Ters kelepçe takıldı
Önünde bulunan polislerin de kendisine vurmaya başladığını aktaran Aydoğan, ağzını kapatan ve hakaret eden polisin kendisini İstanbul Emniyet müdür yardımcısı olarak tanıttığını söyledi. Polisler tarafından yere düşürüldüğünü ve yerdeyken karnına ve sırtına tekme atıldığını belirten Aydoğan, olay yerindeki insanların tepkisi üzerine şiddetin durduğunu ve ters kelepçe takılarak gözaltına alındığını söyledi.
‘Canını ben alacağım’
Aydoğan, polis aracına bindirildikten sonra, kendini emniyet müdür yardımcısı olarak tanıtan kişinin talimatıyla fotoğrafının çekildiğini belirtti. Daha sonra bu rütbeli polisin diğer polislere “Bunun canını almayın, gelip ben alacağım” dediğini aktaran Aydoğan, kendisi hakkında terörden işlem yapılması talimatı verildiğini anlattı.
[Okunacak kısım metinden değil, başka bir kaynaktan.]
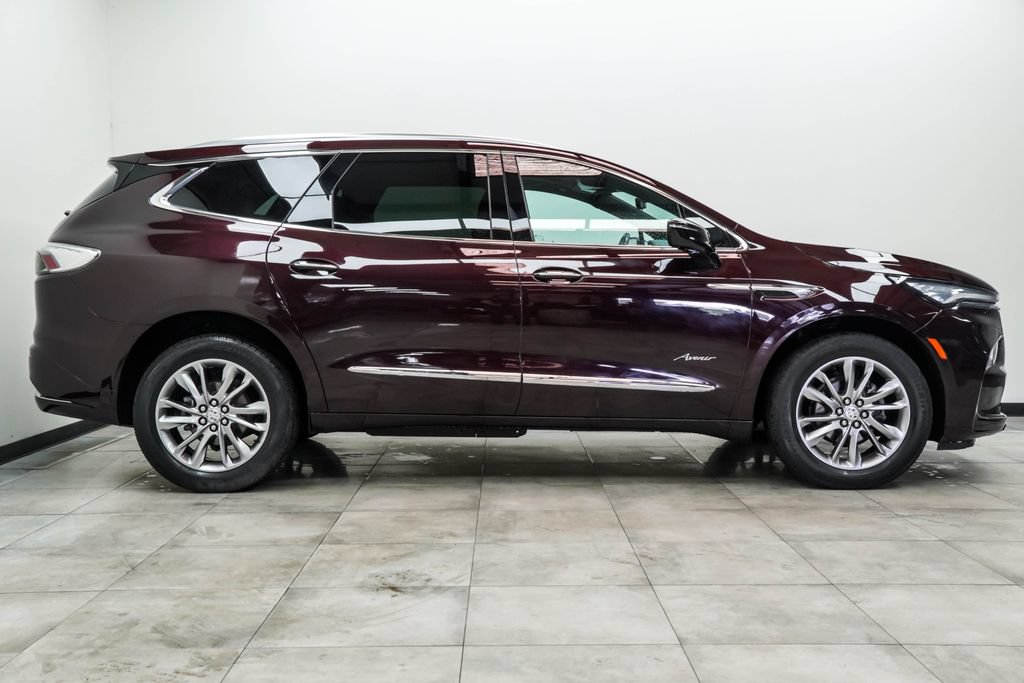 Used 2023 Buick Enclave Avenir w/ Avenir Technology Package AWD/4WD image 7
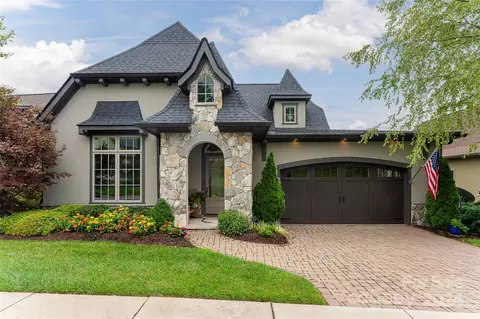 83 Chantilly Dr, Asheville, NC 28804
Aydoğan, Bahçelievler’deki Kocasinan Polis Merkezi’ne götürüldüğü ve burada bir odada akşam saat 19:30 sularına kadar ters kelepçeyle tutuldu. Memurlardan kelepçeyi gevşetmelerini isteyen Aydoğan’a su verilmedi, tuvalete gitmesine ve ailesine haber vermesine izin verilmedi. Akşam saat 20:00 civarında “Herkes toplansın, rütbeliler geliyor” diye bağrışma sesleri duyduğunu aktaran Aydoğan’ın anlatımına göre, biraz sonra odanın kapısı açıldı ve emniyet müdürlerinden biri kalabalık bir grupla odaya girdi. Müdür, Aydoğan’ın boynunu sıkarak “Sen kimsin cumhurbaşkanını şikayet ediyorsun” dedi ve “Adaleti sağlıyoruz” diyerek vurmaya başladılar.
‘Yüzüne vurmayın’
Rütbeli polisin “Sağlam vurun ama yüzüne vurmayın” dediğini aktaran Aydoğan, özellikle sırtına ve karın boşluğuna vurulduğunu söyledi. Sandalyeyle birlikte devrilen Aydoğan, yerden kaldırıldığı sırada çenesine rütbeli polis tarafından yumruk yedi. Bu nedenle üst diş protezi kırıldı. Testislerine de vurulduğunu anlatan Aydoğan, polislerin kendini ailesine zarar vermekle tehdit ettiğini, rütbeli polisin de Erdoğan hakkındaki şikayetini geri çekmesini söylediğini aktardı.
‘Darp yoktur’ raporu verildi
Akşam saat 23:00’e kadar ters kelepçeyle tutulduğunu anlatan Aydoğan, daha sonra sorgu odasına alındığını, burada polislerin kendisine hazır bir ifade metnini imzalamaya zorladığını söyledi. İfade metninde kendisinin bombalı araçla ilişkilendirilmeye çalışıldığını belirten Aydoğan, metne imza atmadığı için darp edildiğini söyledi. Geceyarısı asayiş büroya teslim edildiğini anlatan Aydoğan, eşine ancak o saatte haber verebildiğini, tuvalete gidebildiğini ve su içtiğini söyledi. Aydoğan, ertesi sabah önden ve profilden fotoğraflarının çekildiğini, parmak izinin alındığını aktardı. Daha sonra Bahçelievler Devlet Hastanesi’ne götürülen Aydoğan’a ‘darp yoktur’ raporu verildi. Savcılığa sevk edilen Aydoğan, buradan serbest bırakıldı.